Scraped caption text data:

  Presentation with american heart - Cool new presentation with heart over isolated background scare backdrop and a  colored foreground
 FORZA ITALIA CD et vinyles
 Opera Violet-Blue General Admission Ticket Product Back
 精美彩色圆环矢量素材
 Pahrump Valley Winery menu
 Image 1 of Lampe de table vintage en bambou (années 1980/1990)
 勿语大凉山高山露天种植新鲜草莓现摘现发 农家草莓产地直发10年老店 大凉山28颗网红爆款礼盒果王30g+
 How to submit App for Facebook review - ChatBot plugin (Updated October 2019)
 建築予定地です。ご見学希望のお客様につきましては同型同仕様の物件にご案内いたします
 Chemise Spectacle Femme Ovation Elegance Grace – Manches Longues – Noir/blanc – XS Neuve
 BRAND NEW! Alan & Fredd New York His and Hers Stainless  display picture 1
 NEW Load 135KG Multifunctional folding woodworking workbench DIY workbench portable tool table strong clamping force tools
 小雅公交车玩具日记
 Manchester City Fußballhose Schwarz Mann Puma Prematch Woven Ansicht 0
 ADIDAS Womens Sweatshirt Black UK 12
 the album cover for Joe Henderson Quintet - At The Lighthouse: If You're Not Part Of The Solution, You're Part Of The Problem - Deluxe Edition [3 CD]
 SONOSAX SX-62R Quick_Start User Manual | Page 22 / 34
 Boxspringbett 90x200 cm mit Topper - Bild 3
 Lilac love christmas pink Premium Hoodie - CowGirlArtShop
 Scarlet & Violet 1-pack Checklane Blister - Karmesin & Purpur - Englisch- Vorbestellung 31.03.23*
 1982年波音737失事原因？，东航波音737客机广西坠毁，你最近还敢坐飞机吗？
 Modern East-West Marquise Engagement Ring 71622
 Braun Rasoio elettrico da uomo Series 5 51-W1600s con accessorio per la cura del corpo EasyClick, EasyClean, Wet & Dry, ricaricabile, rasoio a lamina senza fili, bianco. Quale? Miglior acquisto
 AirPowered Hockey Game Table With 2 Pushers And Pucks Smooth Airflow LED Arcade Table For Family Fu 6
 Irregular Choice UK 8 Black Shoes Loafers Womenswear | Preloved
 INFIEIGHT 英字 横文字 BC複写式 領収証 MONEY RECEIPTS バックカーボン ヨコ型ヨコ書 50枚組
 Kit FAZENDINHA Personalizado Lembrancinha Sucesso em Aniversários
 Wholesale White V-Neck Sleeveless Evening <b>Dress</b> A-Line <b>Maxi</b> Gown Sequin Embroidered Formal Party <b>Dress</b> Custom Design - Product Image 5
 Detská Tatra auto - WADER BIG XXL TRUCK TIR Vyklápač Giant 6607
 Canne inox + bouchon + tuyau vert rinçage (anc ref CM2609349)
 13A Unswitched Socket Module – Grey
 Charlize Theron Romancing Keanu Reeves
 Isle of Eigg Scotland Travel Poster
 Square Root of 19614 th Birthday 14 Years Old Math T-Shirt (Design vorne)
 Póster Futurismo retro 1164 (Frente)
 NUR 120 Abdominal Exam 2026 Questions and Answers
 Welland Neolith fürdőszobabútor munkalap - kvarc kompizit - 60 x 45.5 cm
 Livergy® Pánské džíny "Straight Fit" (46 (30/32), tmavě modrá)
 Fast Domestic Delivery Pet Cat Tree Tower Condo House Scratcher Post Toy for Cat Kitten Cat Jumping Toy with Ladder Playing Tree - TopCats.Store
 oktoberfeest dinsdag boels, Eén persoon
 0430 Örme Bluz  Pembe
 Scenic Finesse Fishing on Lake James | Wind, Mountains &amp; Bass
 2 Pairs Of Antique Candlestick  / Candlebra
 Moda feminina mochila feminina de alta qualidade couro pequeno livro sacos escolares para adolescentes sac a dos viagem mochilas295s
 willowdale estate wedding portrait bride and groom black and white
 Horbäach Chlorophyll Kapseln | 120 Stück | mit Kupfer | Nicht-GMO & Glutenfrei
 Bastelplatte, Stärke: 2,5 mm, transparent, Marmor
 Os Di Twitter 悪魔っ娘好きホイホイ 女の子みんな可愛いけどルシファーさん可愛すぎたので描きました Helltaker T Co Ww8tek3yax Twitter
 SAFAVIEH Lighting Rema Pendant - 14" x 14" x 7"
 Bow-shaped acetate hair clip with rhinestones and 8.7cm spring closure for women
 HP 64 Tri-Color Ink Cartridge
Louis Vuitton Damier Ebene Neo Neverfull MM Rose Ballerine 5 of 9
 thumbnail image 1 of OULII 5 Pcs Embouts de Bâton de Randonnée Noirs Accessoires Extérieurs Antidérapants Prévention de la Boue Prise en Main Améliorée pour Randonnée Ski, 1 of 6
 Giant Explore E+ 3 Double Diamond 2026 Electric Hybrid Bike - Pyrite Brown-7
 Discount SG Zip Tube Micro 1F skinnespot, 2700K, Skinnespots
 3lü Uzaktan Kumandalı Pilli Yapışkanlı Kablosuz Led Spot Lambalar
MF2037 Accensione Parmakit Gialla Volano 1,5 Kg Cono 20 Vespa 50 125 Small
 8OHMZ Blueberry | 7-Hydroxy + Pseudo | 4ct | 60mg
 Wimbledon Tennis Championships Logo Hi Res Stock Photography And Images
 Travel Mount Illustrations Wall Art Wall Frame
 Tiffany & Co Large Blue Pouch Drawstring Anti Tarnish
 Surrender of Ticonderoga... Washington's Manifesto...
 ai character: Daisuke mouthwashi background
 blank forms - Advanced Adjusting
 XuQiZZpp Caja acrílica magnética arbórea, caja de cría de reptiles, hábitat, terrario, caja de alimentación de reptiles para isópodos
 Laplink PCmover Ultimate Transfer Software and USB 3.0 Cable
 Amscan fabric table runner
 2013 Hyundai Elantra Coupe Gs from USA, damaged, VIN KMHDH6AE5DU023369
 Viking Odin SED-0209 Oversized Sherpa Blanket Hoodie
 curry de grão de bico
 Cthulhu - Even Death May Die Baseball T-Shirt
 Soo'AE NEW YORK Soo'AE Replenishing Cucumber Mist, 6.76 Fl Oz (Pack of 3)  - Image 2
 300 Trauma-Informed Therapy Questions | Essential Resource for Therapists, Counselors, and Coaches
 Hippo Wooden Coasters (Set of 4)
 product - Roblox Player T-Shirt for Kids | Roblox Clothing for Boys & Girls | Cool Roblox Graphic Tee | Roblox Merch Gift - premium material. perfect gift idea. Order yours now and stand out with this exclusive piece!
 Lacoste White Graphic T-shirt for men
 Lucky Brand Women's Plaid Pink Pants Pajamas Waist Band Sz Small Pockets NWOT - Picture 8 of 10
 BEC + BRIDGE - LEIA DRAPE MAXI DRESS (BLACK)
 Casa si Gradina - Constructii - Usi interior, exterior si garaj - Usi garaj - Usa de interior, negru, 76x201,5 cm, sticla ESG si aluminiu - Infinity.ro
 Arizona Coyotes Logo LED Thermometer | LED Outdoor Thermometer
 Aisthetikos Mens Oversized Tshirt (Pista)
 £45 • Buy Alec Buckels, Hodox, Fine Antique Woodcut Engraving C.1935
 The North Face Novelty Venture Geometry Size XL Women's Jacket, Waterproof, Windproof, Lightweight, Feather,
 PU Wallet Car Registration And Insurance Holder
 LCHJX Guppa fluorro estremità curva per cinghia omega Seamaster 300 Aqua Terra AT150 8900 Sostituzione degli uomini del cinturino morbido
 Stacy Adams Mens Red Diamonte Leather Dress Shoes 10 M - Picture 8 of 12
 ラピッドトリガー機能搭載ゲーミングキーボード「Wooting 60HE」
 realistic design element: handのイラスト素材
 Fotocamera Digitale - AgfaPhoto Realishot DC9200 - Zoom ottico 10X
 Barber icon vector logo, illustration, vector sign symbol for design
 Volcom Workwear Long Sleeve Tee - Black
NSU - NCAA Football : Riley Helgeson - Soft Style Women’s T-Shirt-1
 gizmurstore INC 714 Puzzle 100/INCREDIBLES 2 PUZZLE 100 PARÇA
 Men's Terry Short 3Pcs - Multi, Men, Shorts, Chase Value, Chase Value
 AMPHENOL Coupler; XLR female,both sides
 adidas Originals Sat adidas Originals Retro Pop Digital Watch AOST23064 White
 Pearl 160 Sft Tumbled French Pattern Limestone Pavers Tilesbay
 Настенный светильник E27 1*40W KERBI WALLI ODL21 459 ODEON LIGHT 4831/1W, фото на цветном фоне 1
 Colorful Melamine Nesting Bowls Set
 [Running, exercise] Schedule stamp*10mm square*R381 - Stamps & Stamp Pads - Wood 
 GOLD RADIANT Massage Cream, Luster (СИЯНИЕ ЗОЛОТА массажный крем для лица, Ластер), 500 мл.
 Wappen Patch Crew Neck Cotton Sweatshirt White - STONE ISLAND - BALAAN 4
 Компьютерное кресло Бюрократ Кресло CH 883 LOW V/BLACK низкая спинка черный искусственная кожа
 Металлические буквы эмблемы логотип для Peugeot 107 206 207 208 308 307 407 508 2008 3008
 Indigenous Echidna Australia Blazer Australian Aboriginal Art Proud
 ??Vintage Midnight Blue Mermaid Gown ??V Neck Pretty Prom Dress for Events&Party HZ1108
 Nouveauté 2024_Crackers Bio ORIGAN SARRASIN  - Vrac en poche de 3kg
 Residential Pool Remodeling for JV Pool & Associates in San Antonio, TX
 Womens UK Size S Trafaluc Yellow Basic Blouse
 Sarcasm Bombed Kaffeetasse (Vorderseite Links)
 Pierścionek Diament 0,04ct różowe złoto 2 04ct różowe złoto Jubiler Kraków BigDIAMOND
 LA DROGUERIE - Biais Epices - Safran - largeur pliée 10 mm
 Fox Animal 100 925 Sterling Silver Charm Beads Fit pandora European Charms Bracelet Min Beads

» Exercise goal
In the data above, find the line that contains "Image 1 of Lampe", then reproduce exactly every line from the first line through that line.

» Task answer
  Presentation with american heart - Cool new presentation with heart over isolated background scare backdrop and a  colored foreground
 FORZA ITALIA CD et vinyles
 Opera Violet-Blue General Admission Ticket Product Back
 精美彩色圆环矢量素材
 Pahrump Valley Winery menu
 Image 1 of Lampe de table vintage en bambou (années 1980/1990)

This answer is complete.